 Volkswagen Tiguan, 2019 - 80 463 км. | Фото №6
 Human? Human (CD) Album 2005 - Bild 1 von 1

...

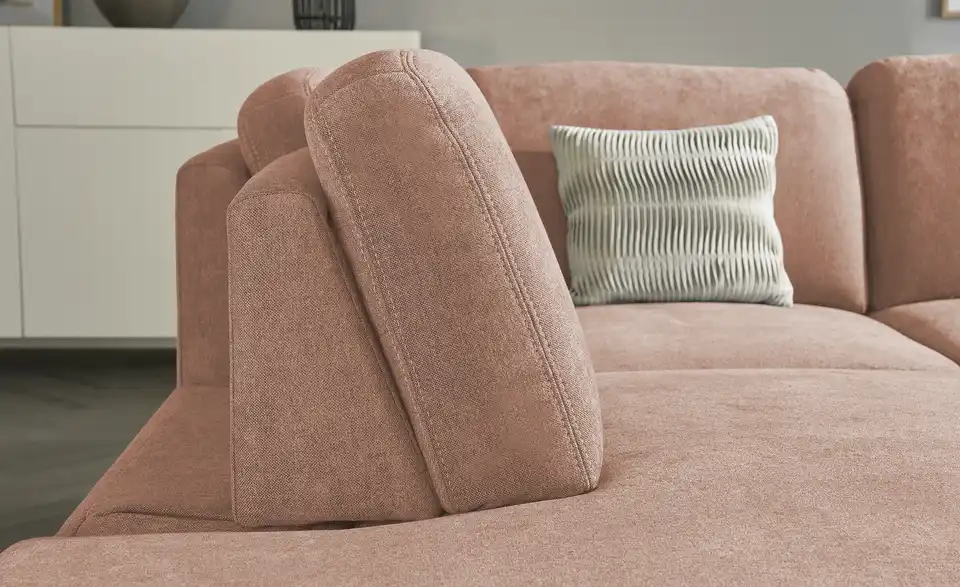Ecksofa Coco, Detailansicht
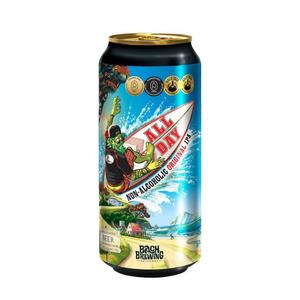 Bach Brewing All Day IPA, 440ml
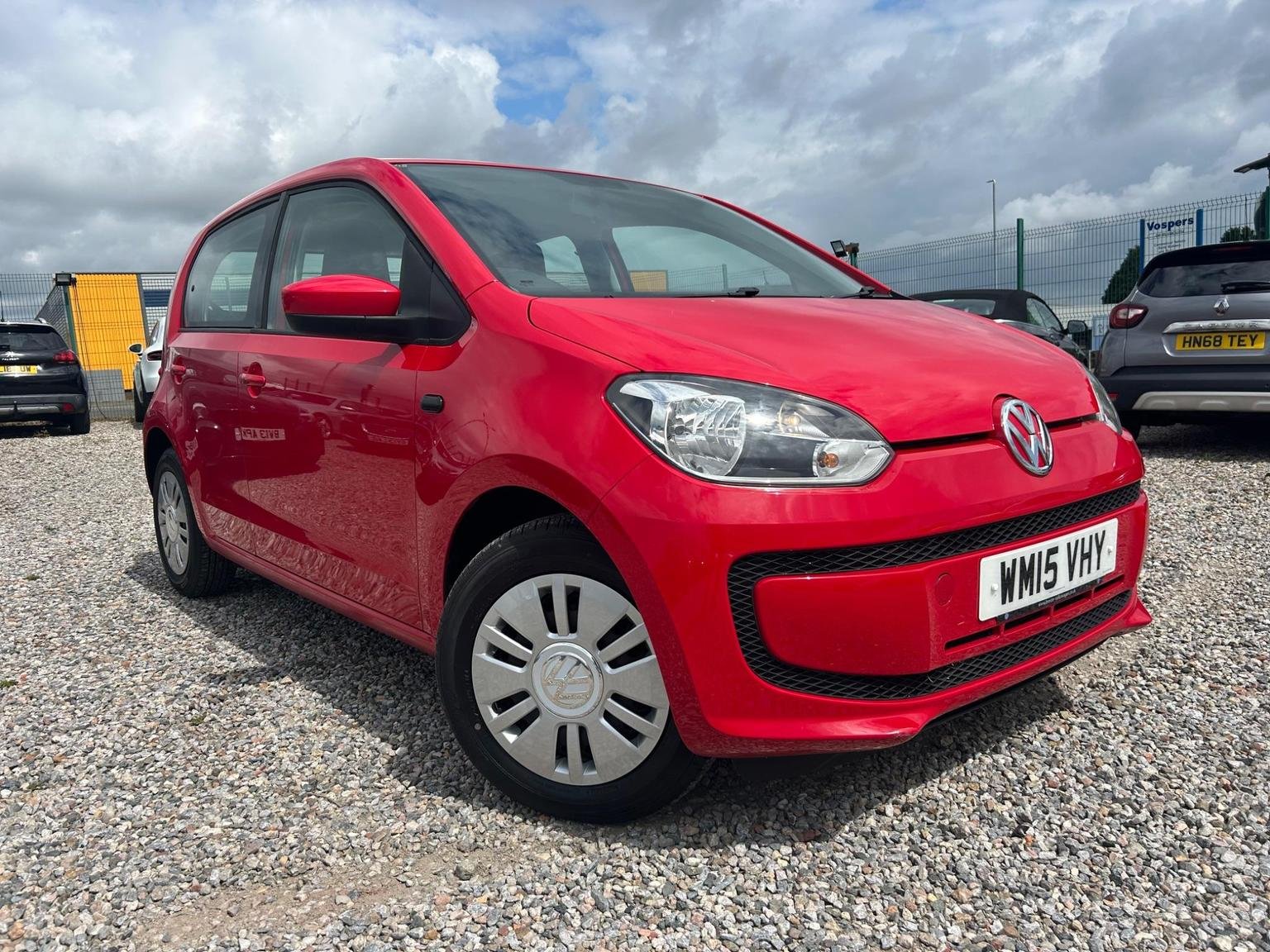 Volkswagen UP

## [Problem statement]
In the records above, the line with "Volkswagen Tiguan, 2019" marks the start and the line with "Human? Human (CD) Album 2005 - Bild 1 von 1" marks the end; copy that stretch exactly, both lines included, and nothing else.

## [Answer space]
 Volkswagen Tiguan, 2019 - 80 463 км. | Фото №6
 Human? Human (CD) Album 2005 - Bild 1 von 1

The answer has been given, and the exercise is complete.